Também não ousava erguer a voz, gaguejava e nunca contra argumentava com
ninguém a respeito de nada.
Esse
cidadão invisível mal era notado quando chamava o garçom em um bar, um
táxi, ou na fila do pão. Quando uma mulher se dirigia a ele jamais era
por interesse na pessoa suada e trêmula, mas em alguma informação ou
para usá-lo como empregado, fazendo favores que jamais recebiam
agradecimento.
Então
ganhou de um amigo a arma. Um 38 no cano curto que, segundo o parceiro
iria mudar a sua vida. Incutiria confiança e aumentaria a autoestima,
tornando-o um outro homem.
Agora,
com a arma na cintura, estava com as sobrancelhas franzidas, o olhar
aterrador e incisivo que atacava o mundo com agressividade e um andar
firme, como se estivesse marchando. A voz engrossara e estava segura,
fácil de ouvir, e as palavras proferidas estavam muito mais claras, o
poder de convencer aumentara em mil por cento!
Imediatamente
passou a abordar mulheres com gentileza e bom gosto. Conseguia
convidá-las para um chá ou uma cerveja, e após o jantar tinha firmeza de
propósito para terminar a noite em um motel ou até na casa da
escolhida.
Passou
a contestar educadamente as decisões do chefe, e demonstrar através de
exemplos as soluções corretas, o caminho a seguir. Conseguiu aumento e
promoção, a vida mudou rapidamente e para melhor.
Em
contrapartida ele nunca mais largou o revólver. O carregava para todos
os lugares, dormia com ele, tomava banho com ele. Cuidava da arma como
se fosse um filho, limpava, beijava, ninava e conversava com ela.

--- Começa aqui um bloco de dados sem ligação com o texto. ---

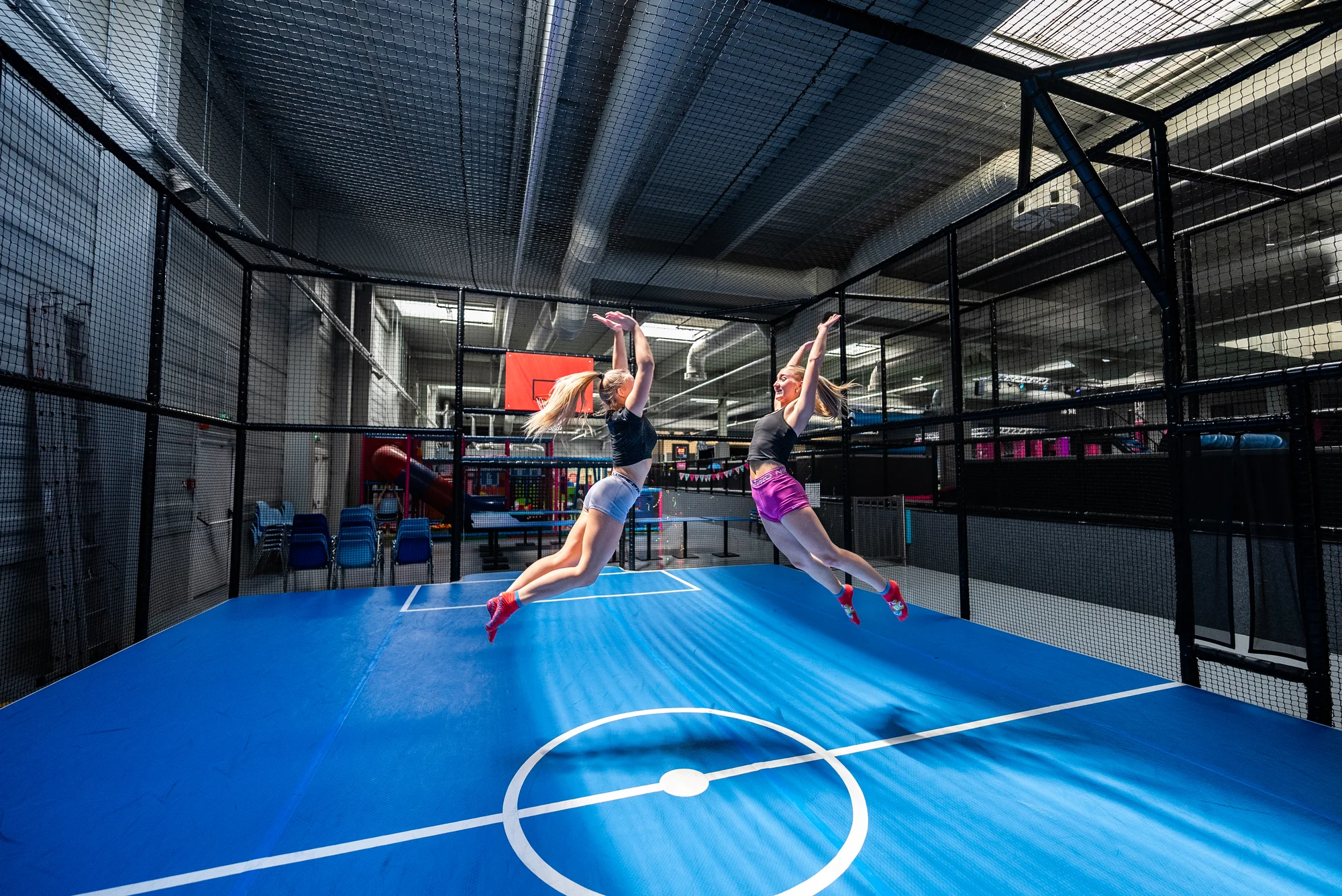 Vstup do trampolínového parku Toboga JUMP! na 60, 90 nebo 120 min.
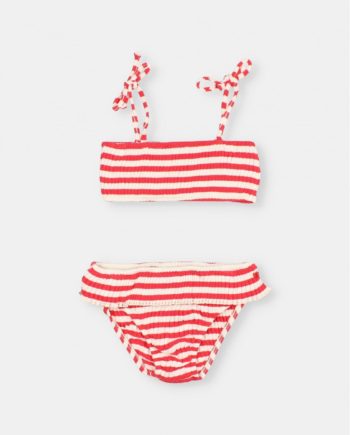 BÚHO | Bikini rayé Coral réduit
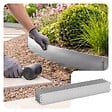 VOUNOT - Lot de 5 Bordure de jardin en métal galvanisé flexible 100x13cm - vignette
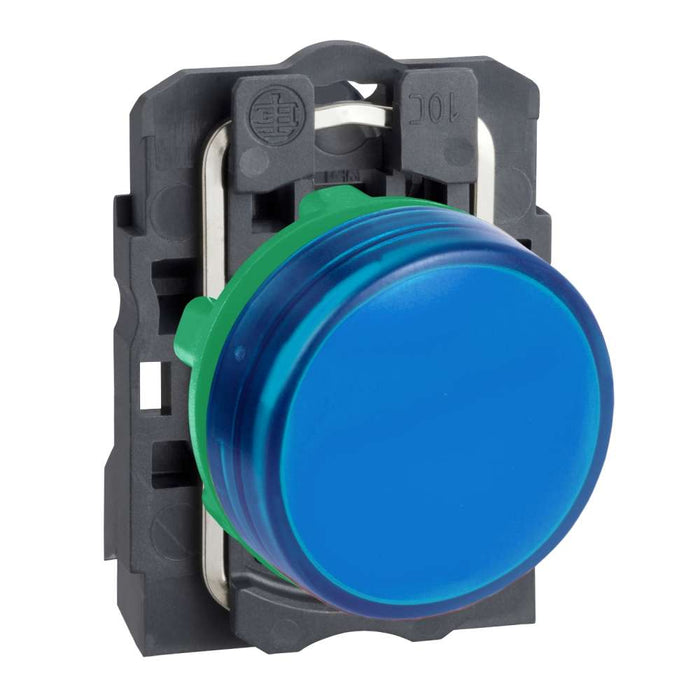 XB5 Pilot Light Dbl Ins Blue 110V with Integral LED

Planejava construir um altar para ela no quarto, e inserir uma foto do
amigo que o presenteara com a coisa mais útil de sua vida. O produto que
o transformara em homem de verdade.
Marcou
palestras de autoajuda para homens como ele, defendendo a arma como a
ferramenta mais poderosa de masculinização do ser humano, incluindo
transsexuais. Bradava cheio de si, convencia através do exemplo e se
orgulhava de libertar muitos coitados sub-humanos como ele. Cogitava
abrir uma igreja para ampliar os benefícios pelo mundo.
Um
dia, após o sexo com a mulher com quem se relacionava no momento,
fumavam um cigarro tranquilamente, relaxados, quando ela, casualmente
comentou:
-
Eu acho um charme esse seu revólver de brinquedo! Parece até
verdadeiro, embora seja de plástico. Um homem gentil e pacífico como
você fica uma gracinha carregando uma arma de plástico para lá e para
cá. O meu sobrinho de sete anos tem uma igual.
Os
olhos dele quase saíram das órbitas. Os cabelos se eriçaram e começo a
tremer incontrolavelmente. A voz não saía. Fitava a ferramenta de
cancelar cpf sem acreditar que não servia para nada! Vomitou
barulhentamente sem ter nada para colocar para fora.
Assustada, a mulher ligou para a emergência e fugiu, com medo daquele farrapo humano totalmente diferente do cara que conhecera.
Quando
a ambulância chegou, a porta do quarto estava trancada e ele não
respondia. Ao derrubarem a porta encontraram-no em um canto encolhido,
posição fetal, chupando o polegar. Nunca mais foi o mesmo novamente.